The subprime mortgage crisis' big winner, hedge fund manager John Paulson, lost roughly 30% for investors in 2011.
NEW YORK (CNNMoney) -- During the recent downturn, legendary hedge fund investor John Paulson was in a class by himself, generating returns of up to 600% by betting against mortgages in 2008 as the market crashed.
Paulson is still alone, but this time he's at the bottom of the heap.
Some of Paulson's $30 billion funds have generated losses of roughly 30% after placing ill-fated bets on Bank of America (Fortune 500) and Chinese timber company Sino-Forest, which has been facing fraud allegations. Even Paulson's primary hedge, gold, has lost its luster. Gold prices sunk 11% in September.,
For low performing funds like Paulson's, October could be a make or break month. That's because investors who want to pull their money out by year-end have to submit a redemption notice by either Oct. 1 or Nov. 1 to allow for the 60 or 90 day notice period.
Few funds have lost as much as Paulson's, but a smattering of multi-billion dollar hedge funds have clocked 20%-plus losses from the start of the year. One of those funds, Longacre Fund Management, is reportedly winding down its main funds after receiving significant redemption requests.
It's unclear if Paulson's outsize losses will prompt investors in his funds to remain loyal to the man that once made them huge returns. Out of Paulson's $30 billion fund, about half comes from Paulson and his employees.
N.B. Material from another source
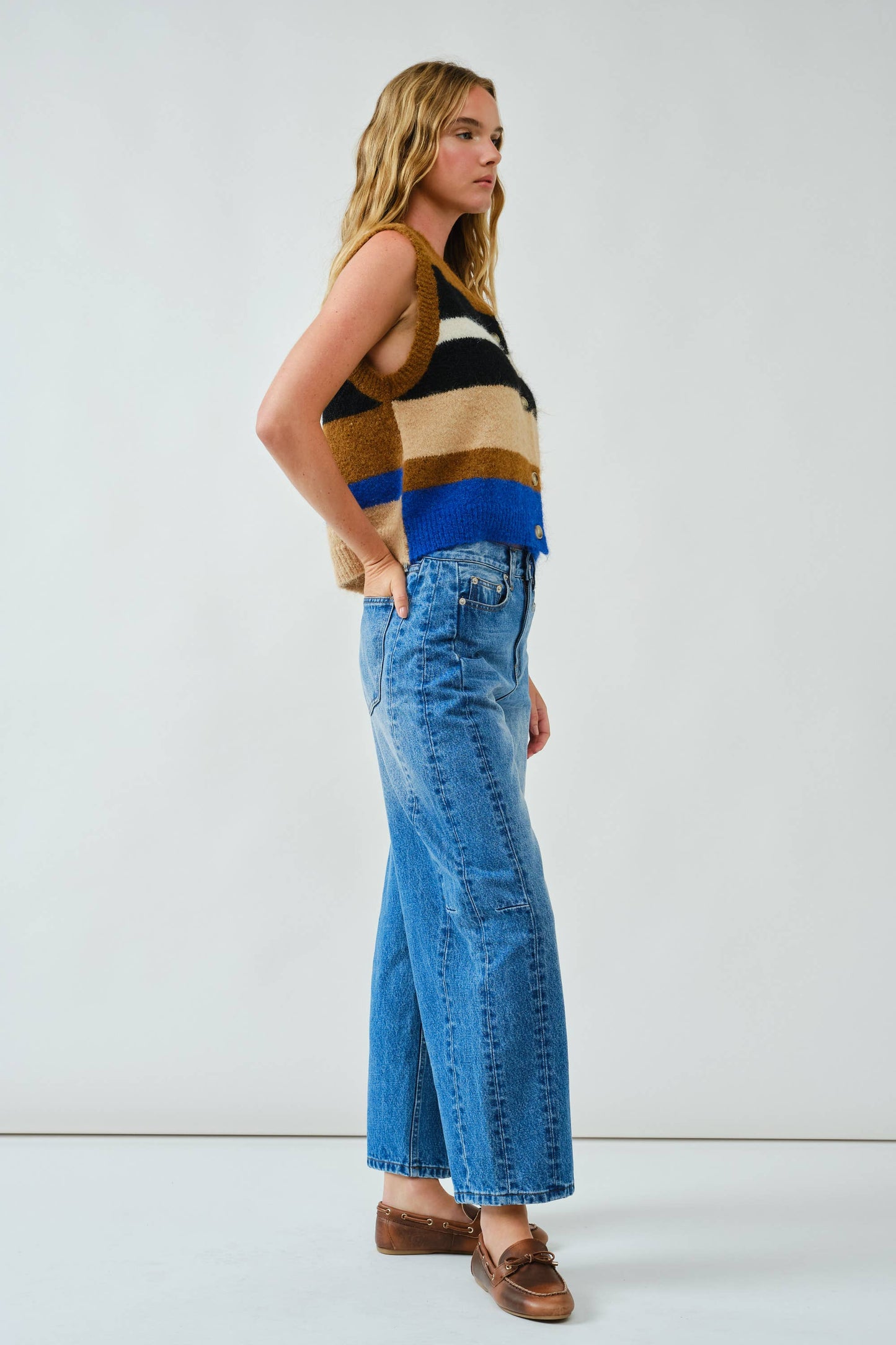 Relaxed Barrel Denim • Medium Wash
And because of the unique structure of hedge funds, he'll collect 2%, or $450 million, for managing those assets, despite generating losses.
Paulson's primary fund, the advantage fund generated losses of 33.71% in 2011 as of October 7, 2011, according to data from Lyxor, Societe General's managed account platform.
Lyxor feeds $11.7 billion from investors into 100 hedge funds through its managed accounts platform but does not provide performance data since the accounts are private.
Paulson has taken steps to quell the damage by laying out a plan to generate positive returns, during a conference call Wednesday. But it remains to be seen if that will be enough to keep his investors happy.
A spokesperson for Paulson declined to comment.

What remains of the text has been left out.